What does limited liability mean in the context of the relationship between the corporation and its creditors?
Limited liability is a type of legal structure for an organization where a corporate loss will not exceed the amount invested in a partnership or limited liability company (LLC). In other words, investors’ and owners’ private assets are not at risk if the company fails.
Is limited liability always an advantage for a corporation?
Limited liability is generally advantageous to large corporations. Large corporations would not be able to obtain financing from thousands or even millions of shareholders if those shareholders were not protected by the fact that the corporation is a distinct legal entity.
When a corporation fails the maximum that can be lost by an investor protected by limited liability is?
-agreement expires after ten 10 years.
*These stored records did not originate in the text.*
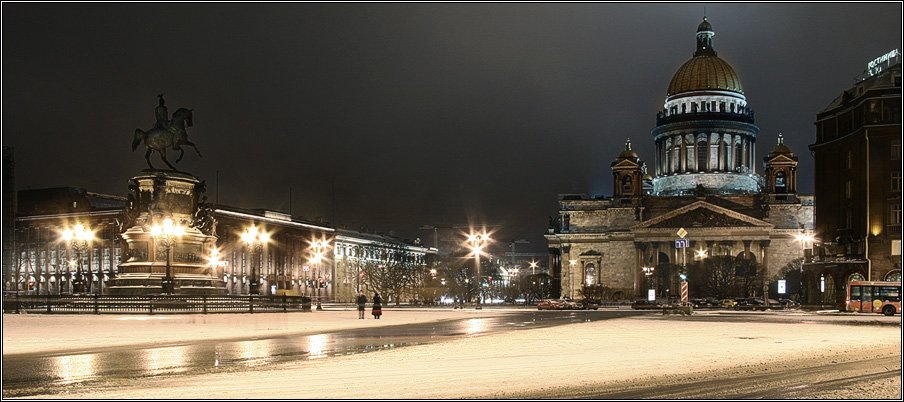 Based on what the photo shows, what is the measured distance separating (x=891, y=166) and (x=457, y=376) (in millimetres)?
78006

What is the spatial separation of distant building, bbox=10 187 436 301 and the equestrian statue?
243 feet

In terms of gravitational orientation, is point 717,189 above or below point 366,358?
above

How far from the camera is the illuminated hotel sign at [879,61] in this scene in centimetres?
9819

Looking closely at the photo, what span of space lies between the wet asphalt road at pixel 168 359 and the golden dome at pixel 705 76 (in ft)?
460

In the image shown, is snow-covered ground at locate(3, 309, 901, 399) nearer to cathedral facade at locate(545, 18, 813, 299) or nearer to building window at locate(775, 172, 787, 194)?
cathedral facade at locate(545, 18, 813, 299)

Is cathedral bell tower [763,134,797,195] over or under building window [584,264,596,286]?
over

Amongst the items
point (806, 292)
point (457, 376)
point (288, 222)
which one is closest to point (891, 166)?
point (806, 292)

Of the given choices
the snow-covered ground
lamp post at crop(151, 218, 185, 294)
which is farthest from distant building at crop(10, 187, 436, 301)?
the snow-covered ground

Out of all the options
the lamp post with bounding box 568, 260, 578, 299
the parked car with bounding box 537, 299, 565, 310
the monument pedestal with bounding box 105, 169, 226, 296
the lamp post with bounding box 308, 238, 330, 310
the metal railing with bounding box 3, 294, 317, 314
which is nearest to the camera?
the metal railing with bounding box 3, 294, 317, 314

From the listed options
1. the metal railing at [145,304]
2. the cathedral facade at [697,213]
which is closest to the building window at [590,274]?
the cathedral facade at [697,213]

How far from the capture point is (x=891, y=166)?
8919cm

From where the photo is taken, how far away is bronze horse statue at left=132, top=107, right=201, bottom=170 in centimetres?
5484

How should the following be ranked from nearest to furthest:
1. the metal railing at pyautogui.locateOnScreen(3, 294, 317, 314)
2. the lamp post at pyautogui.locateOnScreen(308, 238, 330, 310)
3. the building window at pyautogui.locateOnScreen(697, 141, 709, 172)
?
the metal railing at pyautogui.locateOnScreen(3, 294, 317, 314) → the lamp post at pyautogui.locateOnScreen(308, 238, 330, 310) → the building window at pyautogui.locateOnScreen(697, 141, 709, 172)

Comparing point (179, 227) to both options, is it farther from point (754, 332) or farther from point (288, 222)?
point (288, 222) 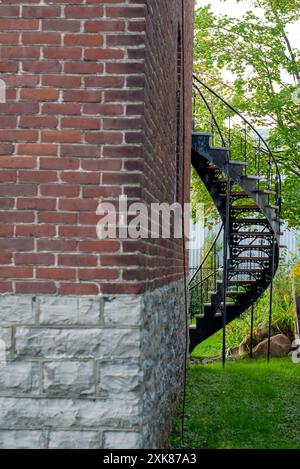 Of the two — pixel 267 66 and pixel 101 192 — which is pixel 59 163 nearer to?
pixel 101 192

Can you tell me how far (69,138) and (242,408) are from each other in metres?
5.03

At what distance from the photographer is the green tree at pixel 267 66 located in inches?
631

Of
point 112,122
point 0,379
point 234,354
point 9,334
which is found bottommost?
point 234,354

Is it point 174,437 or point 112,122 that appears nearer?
point 112,122

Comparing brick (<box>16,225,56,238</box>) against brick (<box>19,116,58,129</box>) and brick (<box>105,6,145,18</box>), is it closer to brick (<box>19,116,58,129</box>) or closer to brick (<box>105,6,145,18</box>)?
brick (<box>19,116,58,129</box>)

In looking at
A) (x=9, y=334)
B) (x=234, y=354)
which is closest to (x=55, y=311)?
(x=9, y=334)

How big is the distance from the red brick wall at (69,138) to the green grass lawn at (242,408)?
2.94m

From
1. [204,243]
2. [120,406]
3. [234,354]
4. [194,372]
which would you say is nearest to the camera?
[120,406]

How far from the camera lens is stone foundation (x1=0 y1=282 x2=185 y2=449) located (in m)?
3.87

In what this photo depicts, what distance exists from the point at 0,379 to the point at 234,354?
11.4 metres

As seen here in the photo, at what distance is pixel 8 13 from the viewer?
13.2 ft

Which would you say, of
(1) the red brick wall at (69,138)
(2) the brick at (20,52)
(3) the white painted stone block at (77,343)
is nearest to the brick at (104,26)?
(1) the red brick wall at (69,138)

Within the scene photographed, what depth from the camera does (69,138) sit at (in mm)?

When a corporation fails, the maximum that can be lost by an investor protected by limited liability is: -the amount of the initial investment.
What is the legal life of a corporation?
The legal life of a corporation is perpetual. Corporations are a separate legal entity from the owners or shareholders, and as long as the corporation is in legal status, it is considered active.
Which of the following gives a corporation its permanence?
Separation of ownership and control. Separation of ownership and control gives the company an advantage of permanence.
Which one of these is a disadvantage of the corporate form of business?
The primary disadvantage of the corporate form is the double taxation to shareholders of distributed earnings and dividends. Some advantages include: limited liability, ease of transfer-ability, ability to raise capital, and unlimited life.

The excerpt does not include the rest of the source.